Short descriptive text snippets:
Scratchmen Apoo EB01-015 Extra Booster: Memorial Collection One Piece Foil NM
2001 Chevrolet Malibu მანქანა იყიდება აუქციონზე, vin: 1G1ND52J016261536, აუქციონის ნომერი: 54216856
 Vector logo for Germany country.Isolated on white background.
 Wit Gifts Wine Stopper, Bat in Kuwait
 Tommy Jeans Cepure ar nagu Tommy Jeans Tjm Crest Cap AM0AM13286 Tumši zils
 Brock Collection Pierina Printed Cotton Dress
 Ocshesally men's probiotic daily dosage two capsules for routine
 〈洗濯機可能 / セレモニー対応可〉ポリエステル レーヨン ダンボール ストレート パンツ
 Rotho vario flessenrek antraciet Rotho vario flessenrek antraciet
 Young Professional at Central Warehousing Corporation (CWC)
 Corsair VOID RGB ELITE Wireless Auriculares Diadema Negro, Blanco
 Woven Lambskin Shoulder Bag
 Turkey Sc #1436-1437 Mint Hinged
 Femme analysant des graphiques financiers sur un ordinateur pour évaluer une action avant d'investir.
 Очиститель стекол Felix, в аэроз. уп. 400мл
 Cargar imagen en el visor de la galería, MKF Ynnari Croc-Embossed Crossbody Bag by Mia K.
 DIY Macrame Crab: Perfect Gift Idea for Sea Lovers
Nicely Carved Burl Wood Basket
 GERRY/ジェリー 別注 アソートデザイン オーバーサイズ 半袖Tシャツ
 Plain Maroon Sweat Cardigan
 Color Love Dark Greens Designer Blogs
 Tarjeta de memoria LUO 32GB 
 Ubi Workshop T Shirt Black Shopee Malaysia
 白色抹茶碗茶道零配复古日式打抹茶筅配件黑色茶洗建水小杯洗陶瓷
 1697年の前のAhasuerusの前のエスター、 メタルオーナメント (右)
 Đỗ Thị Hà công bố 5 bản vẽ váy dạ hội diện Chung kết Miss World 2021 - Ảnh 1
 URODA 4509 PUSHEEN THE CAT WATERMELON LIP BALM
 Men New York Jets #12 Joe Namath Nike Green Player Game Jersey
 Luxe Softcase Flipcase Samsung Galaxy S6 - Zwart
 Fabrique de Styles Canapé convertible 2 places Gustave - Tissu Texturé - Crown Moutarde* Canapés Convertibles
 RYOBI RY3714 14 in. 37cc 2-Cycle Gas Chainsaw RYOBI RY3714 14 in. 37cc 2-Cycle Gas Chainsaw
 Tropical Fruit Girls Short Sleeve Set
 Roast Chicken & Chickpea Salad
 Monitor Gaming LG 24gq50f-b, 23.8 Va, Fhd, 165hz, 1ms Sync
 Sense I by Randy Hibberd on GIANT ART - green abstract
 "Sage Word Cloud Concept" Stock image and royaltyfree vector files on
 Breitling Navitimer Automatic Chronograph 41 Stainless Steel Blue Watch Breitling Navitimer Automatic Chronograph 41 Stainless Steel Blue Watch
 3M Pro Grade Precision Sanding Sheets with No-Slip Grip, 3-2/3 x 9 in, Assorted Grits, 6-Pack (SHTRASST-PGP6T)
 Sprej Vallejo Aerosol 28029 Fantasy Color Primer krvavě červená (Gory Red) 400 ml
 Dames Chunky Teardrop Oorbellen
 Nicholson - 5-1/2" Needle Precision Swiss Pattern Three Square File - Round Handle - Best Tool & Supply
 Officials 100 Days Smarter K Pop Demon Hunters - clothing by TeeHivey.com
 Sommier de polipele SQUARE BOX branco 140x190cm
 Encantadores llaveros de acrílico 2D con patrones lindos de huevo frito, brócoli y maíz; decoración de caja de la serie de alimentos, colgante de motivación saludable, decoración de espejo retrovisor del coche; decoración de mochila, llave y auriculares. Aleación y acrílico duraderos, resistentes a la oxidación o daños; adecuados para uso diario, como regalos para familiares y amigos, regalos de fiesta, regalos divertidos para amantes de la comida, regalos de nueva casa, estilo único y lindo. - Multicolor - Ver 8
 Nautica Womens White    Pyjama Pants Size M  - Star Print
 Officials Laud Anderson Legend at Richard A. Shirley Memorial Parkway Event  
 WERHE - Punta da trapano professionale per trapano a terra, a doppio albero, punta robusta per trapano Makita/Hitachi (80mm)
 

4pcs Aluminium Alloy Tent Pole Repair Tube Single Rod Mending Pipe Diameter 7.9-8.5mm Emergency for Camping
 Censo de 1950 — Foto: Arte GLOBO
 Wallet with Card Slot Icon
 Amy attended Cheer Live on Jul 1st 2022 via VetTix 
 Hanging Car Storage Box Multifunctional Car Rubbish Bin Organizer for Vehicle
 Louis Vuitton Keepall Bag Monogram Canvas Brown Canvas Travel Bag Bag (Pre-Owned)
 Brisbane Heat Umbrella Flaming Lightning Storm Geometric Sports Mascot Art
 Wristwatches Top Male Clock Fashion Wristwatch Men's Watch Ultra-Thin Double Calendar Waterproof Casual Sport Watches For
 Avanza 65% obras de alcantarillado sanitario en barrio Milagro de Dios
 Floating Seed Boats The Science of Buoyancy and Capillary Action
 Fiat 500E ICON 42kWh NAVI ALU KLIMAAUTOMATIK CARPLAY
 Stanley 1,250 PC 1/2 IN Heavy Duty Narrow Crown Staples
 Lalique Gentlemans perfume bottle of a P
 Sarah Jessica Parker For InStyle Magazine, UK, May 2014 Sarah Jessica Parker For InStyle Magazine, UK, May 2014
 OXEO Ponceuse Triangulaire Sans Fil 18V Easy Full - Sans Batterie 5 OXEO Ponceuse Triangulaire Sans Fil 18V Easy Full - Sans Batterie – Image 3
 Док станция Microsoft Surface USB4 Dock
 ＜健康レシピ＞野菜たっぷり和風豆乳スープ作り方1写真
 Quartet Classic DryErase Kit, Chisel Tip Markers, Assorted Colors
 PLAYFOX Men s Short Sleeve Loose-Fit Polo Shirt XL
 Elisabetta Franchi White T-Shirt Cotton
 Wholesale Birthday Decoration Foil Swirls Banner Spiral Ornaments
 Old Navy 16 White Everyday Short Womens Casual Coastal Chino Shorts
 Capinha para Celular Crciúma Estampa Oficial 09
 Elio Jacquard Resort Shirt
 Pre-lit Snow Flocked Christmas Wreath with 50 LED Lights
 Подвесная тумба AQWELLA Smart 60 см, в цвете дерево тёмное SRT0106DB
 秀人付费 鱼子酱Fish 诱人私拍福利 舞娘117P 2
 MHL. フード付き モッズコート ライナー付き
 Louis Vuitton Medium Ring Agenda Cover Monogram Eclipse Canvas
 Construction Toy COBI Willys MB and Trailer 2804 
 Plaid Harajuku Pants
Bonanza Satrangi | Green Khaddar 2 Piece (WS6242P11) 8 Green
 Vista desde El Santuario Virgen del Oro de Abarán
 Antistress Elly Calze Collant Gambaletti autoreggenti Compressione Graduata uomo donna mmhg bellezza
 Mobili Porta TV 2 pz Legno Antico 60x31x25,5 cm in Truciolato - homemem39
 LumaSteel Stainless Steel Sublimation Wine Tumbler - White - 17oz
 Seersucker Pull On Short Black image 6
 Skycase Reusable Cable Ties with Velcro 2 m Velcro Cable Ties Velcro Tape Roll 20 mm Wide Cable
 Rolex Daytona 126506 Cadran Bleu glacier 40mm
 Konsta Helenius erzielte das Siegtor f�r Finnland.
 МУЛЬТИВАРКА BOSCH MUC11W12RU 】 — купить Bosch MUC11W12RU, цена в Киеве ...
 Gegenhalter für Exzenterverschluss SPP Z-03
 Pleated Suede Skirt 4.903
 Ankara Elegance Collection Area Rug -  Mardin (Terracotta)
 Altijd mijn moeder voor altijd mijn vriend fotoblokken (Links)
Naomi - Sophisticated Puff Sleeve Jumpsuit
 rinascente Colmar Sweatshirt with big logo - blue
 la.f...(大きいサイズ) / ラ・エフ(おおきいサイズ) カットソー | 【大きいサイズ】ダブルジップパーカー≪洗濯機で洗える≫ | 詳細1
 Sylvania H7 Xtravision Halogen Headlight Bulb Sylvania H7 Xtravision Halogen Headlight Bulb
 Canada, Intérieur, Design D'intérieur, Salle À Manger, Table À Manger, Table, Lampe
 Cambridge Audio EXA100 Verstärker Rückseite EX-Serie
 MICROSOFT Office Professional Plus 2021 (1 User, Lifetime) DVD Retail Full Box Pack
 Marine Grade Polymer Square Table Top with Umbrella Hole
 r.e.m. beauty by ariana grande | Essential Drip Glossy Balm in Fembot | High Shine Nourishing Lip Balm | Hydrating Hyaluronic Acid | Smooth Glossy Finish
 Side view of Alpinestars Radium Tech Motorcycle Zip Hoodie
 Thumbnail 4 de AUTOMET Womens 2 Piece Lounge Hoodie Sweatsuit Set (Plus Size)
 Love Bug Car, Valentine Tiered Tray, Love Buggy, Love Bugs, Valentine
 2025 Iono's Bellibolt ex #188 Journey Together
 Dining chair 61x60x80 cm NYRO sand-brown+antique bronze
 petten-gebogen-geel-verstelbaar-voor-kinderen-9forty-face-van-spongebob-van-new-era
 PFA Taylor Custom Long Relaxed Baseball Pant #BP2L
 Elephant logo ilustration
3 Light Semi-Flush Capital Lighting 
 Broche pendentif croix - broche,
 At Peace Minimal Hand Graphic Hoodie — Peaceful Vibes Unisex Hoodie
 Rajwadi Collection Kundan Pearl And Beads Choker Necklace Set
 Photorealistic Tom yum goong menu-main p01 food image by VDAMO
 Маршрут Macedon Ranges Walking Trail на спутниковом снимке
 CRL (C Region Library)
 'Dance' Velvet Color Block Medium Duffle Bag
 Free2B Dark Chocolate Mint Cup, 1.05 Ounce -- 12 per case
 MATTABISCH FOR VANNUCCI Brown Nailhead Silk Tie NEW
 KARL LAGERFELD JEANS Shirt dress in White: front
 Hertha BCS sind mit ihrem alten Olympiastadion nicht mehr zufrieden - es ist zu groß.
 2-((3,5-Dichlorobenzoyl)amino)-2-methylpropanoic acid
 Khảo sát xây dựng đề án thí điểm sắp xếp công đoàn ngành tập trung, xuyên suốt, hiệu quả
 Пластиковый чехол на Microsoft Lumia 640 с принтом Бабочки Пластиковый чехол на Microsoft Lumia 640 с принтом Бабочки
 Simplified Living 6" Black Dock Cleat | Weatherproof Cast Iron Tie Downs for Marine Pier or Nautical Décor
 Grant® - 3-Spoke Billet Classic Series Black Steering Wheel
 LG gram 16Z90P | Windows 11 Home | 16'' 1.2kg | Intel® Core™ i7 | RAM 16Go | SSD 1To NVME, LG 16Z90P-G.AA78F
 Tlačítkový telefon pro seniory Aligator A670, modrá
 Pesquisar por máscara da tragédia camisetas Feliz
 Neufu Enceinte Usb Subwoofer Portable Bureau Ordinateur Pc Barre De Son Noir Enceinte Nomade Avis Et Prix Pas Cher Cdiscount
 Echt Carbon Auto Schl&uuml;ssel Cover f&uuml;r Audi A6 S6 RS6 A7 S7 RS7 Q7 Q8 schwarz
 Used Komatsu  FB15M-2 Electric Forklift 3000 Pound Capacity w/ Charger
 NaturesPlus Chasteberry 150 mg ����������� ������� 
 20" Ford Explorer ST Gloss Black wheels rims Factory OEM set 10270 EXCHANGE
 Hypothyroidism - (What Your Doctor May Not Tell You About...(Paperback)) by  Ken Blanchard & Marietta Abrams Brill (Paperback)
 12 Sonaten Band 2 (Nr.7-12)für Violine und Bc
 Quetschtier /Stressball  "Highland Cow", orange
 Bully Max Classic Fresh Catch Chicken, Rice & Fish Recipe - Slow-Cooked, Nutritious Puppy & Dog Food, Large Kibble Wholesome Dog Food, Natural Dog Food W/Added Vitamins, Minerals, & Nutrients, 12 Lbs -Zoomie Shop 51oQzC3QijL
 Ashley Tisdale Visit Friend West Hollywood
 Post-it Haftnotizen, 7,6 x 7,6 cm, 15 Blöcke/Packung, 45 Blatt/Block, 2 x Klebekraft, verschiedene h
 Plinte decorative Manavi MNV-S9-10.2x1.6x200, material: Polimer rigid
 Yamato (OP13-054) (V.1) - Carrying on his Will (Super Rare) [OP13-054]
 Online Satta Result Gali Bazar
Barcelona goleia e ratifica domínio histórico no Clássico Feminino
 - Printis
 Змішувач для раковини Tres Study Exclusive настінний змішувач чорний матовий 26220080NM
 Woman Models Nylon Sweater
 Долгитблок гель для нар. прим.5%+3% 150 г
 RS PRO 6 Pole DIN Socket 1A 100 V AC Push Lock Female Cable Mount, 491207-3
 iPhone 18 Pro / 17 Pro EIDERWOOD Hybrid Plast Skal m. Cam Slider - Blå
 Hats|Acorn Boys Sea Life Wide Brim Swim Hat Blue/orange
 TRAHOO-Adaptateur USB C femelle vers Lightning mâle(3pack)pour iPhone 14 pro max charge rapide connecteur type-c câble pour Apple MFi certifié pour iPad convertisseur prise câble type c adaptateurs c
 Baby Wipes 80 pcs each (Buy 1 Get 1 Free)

TASK PROMPT: Please give again the lines above between the line holding "Color Love Dark Greens Designer Blogs" and the line holding "URODA 4509 PUSHEEN", inclusive, exactly as they are and with nothing added.

EXERCISE RESULT:
 Color Love Dark Greens Designer Blogs
 Tarjeta de memoria LUO 32GB 
 Ubi Workshop T Shirt Black Shopee Malaysia
 白色抹茶碗茶道零配复古日式打抹茶筅配件黑色茶洗建水小杯洗陶瓷
 1697年の前のAhasuerusの前のエスター、 メタルオーナメント (右)
 Đỗ Thị Hà công bố 5 bản vẽ váy dạ hội diện Chung kết Miss World 2021 - Ảnh 1
 URODA 4509 PUSHEEN THE CAT WATERMELON LIP BALM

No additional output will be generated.